Поднялись и вновь побрели по дороге. Верст через пять лес поредел и показалась большая деревня.
– Деболы, – пояснил Васюта.
С древней, замшелой колокольни раздавался веселый звон. Васюта перекрестился.
– Седни же Христос на небо вознесся. Праздник великий!
Вошли в деревню, но в ней было пустынно и тихо, бегали лишь тощие собаки.
– А где же селяне?
– Аль запамятовал, Иванка? В лесок уходят… Да вон они в рощице.
Иванка вспомнил, что в день Вознесения мужики из Богородского шли в лес; несли с собой дрочену, блины, лесенки, пироги с зеленым луком. Пировали там до пере-темок, а затем раскидывали печево: дрочену и пироги – на снедь Христу, блины – Христу на онучи, а лесенки – чтоб мирянину взойти на небо. Девки в этот день завивали березки. Было поверье: если венок не завянет до Пятидесятницы 164 164
Пятидесятница – Духов день.
[Закрыть], то тот, на кого береза завита, проживет без беды весь год, а девка выйдет замуж.

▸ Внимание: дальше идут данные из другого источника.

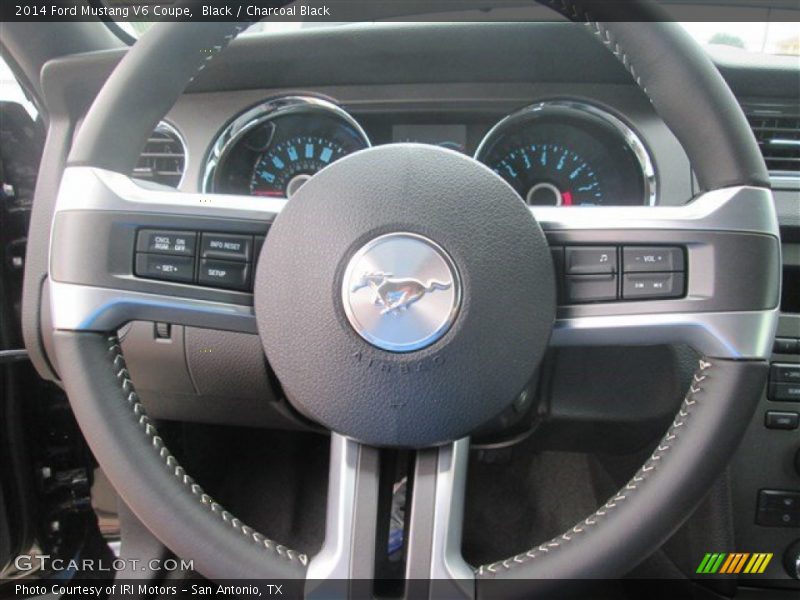 Black / Charcoal Black 2014 Ford Mustang V6 Coupe
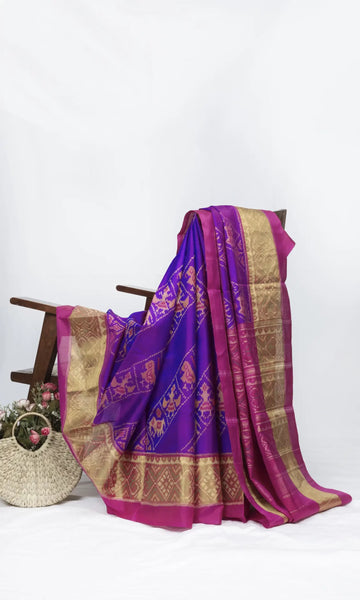 Rajkoti Patola Saree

Дошли до березняка, поклонились миру.
– Здорово жили, мужики.
Мужики мотнули бородами, а потом обернулись к дряхлому кудлатому старику в чистой белой рубахе. Тот поднял голову, глянул на парней из-под ладони и слегка повел немощной трясущейся рукой.
– Здорово, сынки. Поснедайте с нами.
Мужики налили из яндовы по ковщу пива.
– Чем богаты, тем и рады. Угощайтесь, молодцы.
Парни перекрестили лбы, выпили и вновь поясно поклонились. Трапеза была скудной: ни блинов, ни дрочены, ни пирогов с луком, одни лишь длинные тощие лесенки из мучных высевок, хлеб с отрубями, капуста да пиво.
– Знать, и у вас худо, – проронил Иванка. – Сколь деревень повидал, и всюду бессытица.
– Маятно живем, паря, – горестно вздохнул один из мужиков. – Почитай, седьмой год голодуем.
– А что ране – с хлебом были?
– С хлебом не с хлебом, а в такой затуге не были. Ране-то общиной жили, един оброк на царя платили. А тут нас государь владыке Варлааму пожаловал. Вконец заведовали. Владычные старцы барщиной да поборами замучили. Теперь кажный двор митрополита кормит.
– И помногу берет?
– Креста нет, парень. Четь хлеба, четь ячменя да четь овса. Окромя того барана дай, овчину да короб яиц. Попробуй, наберись. А по весне, на Николу вешнего, владычную землю пашем. И оброк плати и сохой ковыряй. Лютует владыка. Вот и выходит: худое охапками, доброе щепотью.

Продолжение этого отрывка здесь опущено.